Mysql – Lots of Indexes – MySQL vs MongoDB – Migrating

indexmongodbMySQL

So, I've never used MongoDB, I just read a lot about it and I think it's going to be good for my project. Also, I do not have lots of experience with MySQL and to be even more honest I have no clue of what I'm about to ask.

Scenario:

MySQL table profile:

  • id = [pk, auto_increment, smallint]
  • user_id = [pk, fk, varchar]
  • category_id = [pk, fk, smallint]
  • role_id = [pk, fk, tinyint]
  • country_id = [pk, fk, smallint]
  • state_id = [pk, fk, smallint]
  • legal_document = [pk, varchar, ?unique]
  • name = [pk, varchar, ?unique]
  • type = [pk, boolean]
  • last_activity = [pk, date]

All the fk you see there are MySQL tables of course. Then I'm thinking to use MongoDB to store the profile info, profile_info collection should contain documents like:

{
  '_id' : 1 (profile_id),
  'address': 'Some street in some state of some country :P',
  'phone': [5555555, 5555555],
  'email': 'example@example.com',
   etc...
}

I'm planning to use mongodb because my project needs to be public ASAP and we may add several new profile info and other things and I do not want to do alter table and migrate from tools with lots of rows.

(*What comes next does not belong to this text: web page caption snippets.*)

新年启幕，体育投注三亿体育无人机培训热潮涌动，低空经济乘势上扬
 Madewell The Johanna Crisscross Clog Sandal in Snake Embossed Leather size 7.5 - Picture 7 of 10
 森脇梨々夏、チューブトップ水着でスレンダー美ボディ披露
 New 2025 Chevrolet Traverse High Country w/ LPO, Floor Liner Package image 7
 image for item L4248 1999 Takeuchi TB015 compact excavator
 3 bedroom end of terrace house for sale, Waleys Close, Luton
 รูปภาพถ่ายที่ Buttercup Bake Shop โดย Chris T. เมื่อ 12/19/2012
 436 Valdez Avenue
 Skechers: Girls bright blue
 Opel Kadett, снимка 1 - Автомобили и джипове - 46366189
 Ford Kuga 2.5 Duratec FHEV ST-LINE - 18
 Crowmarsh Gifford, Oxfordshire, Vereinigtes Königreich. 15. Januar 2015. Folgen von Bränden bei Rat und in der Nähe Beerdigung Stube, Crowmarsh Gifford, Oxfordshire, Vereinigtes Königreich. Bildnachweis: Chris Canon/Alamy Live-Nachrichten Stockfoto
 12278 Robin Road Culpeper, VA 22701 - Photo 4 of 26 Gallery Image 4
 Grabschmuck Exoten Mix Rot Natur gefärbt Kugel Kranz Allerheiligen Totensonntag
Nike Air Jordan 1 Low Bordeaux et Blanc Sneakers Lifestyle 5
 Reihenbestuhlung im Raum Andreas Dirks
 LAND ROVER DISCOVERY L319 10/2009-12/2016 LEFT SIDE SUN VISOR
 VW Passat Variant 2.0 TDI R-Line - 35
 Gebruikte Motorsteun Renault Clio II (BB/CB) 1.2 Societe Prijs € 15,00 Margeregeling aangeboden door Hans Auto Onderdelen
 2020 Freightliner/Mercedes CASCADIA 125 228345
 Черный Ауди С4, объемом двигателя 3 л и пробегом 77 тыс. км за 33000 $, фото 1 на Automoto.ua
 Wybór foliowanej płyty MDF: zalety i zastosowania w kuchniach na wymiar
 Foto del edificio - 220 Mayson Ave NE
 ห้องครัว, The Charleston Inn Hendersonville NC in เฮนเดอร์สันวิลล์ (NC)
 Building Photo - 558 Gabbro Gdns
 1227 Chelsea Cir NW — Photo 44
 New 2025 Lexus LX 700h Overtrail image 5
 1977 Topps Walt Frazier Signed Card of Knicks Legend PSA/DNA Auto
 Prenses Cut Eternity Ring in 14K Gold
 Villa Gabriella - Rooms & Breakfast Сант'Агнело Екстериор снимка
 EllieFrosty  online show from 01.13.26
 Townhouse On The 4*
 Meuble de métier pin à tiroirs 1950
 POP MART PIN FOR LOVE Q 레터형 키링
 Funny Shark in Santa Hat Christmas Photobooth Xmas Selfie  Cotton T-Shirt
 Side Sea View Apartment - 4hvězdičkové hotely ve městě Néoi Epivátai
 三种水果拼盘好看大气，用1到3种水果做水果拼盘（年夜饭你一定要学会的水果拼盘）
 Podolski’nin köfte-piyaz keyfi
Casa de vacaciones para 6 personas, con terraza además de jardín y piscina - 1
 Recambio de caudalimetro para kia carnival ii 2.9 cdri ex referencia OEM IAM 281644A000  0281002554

With that said, we may have to add a few more pks to the MySQL table, so I was thinking of migrating all the project to MongoDB and I do not know if that is a good move.

Questions:

  • It's better to keep the pks in MySQL and trivial info in MongoDB, or would it be fine if I move all to MongoDB?

  • May MongoDB be faster if I just migrate the whole project but I keep the structure like that? I mean like having profile and profile_info collections instead of just profile.

  • I'm worried about how many resources MongoDB could use for a 'table/collection' with that many indexes, I want to keep disk space and ram at minimum use. Is there a critical difference between MySQL and MongoDB?

PS: SSDs are going to be used in the system.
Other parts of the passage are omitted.